| Dataset |
·····
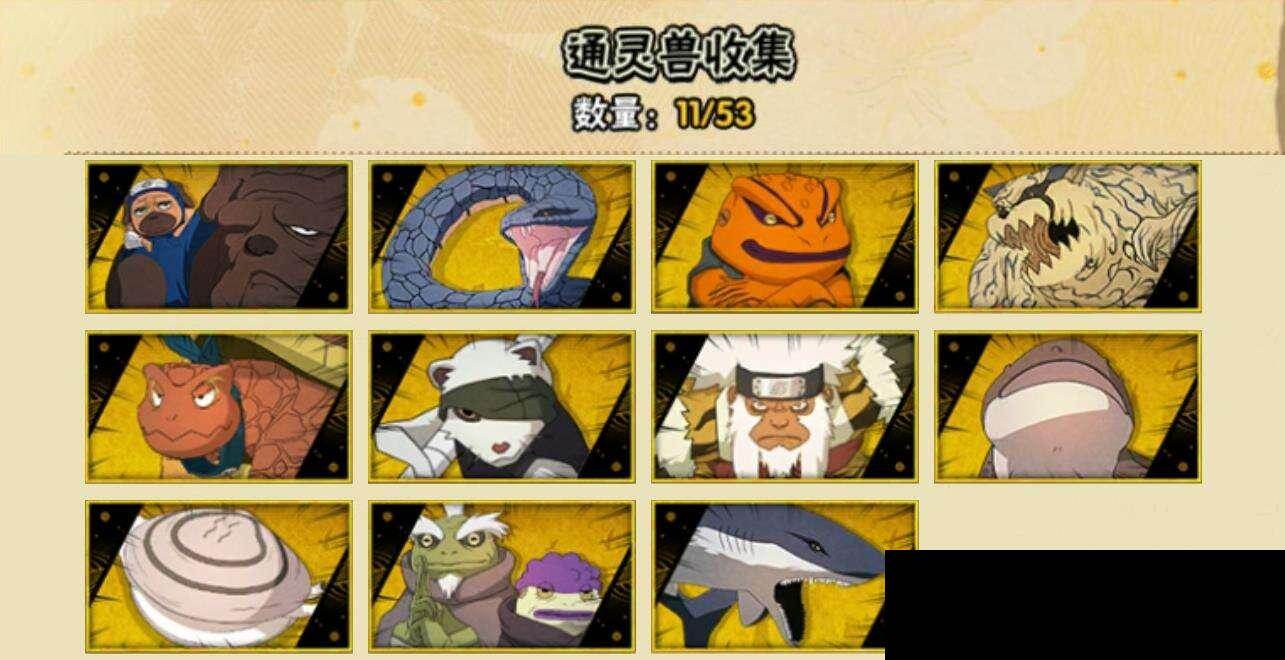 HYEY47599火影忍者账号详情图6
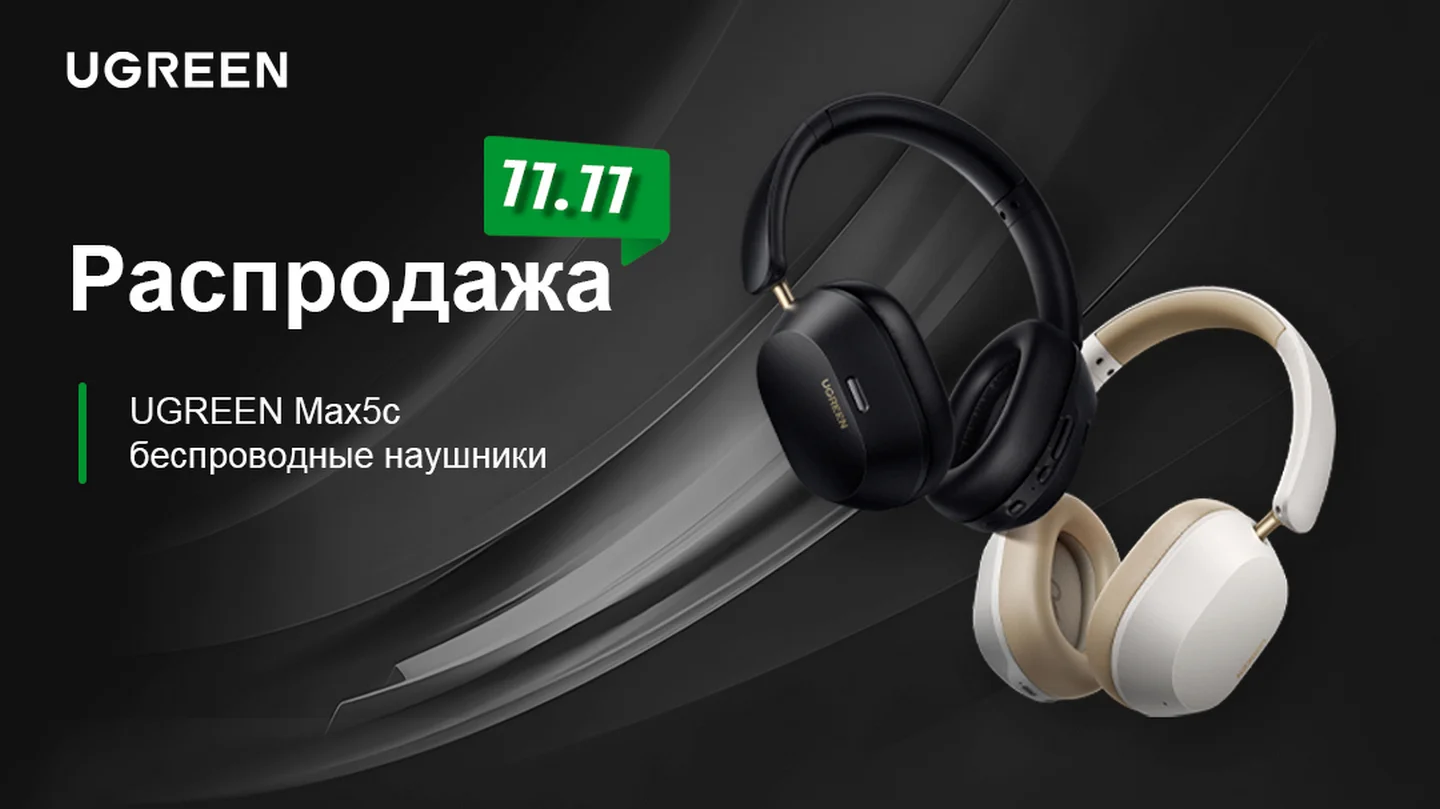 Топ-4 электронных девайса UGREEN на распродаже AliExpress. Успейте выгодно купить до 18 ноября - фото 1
·····
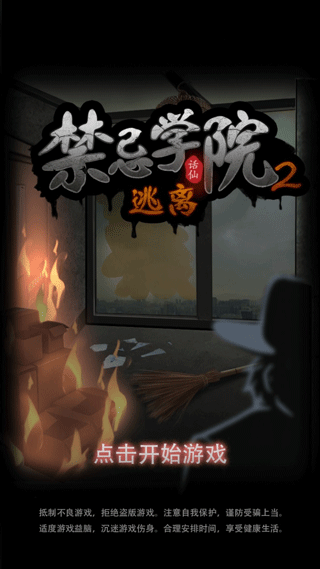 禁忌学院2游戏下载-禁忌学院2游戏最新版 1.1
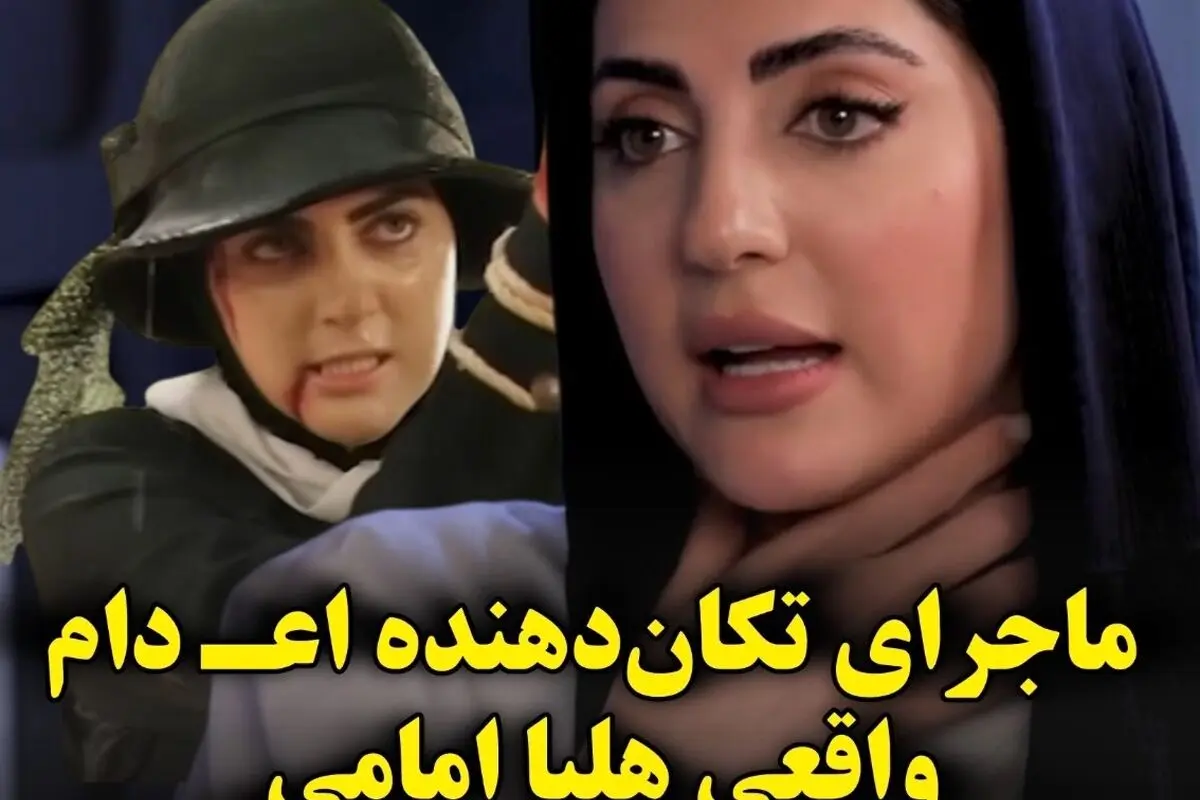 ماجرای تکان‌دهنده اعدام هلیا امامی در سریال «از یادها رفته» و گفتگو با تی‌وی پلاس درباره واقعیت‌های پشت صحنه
·····
| Your objective |
Would you output only the span of the records above that opens with the line containing "HYEY47599火影忍者账号详情图6" and closes with the line containing "Топ-4 электронных девайса", ends included and pictures dropped?

| Response to the exercise |
 HYEY47599火影忍者账号详情图6
 Топ-4 электронных девайса UGREEN на распродаже AliExpress. Успейте выгодно купить до 18 ноября - фото 1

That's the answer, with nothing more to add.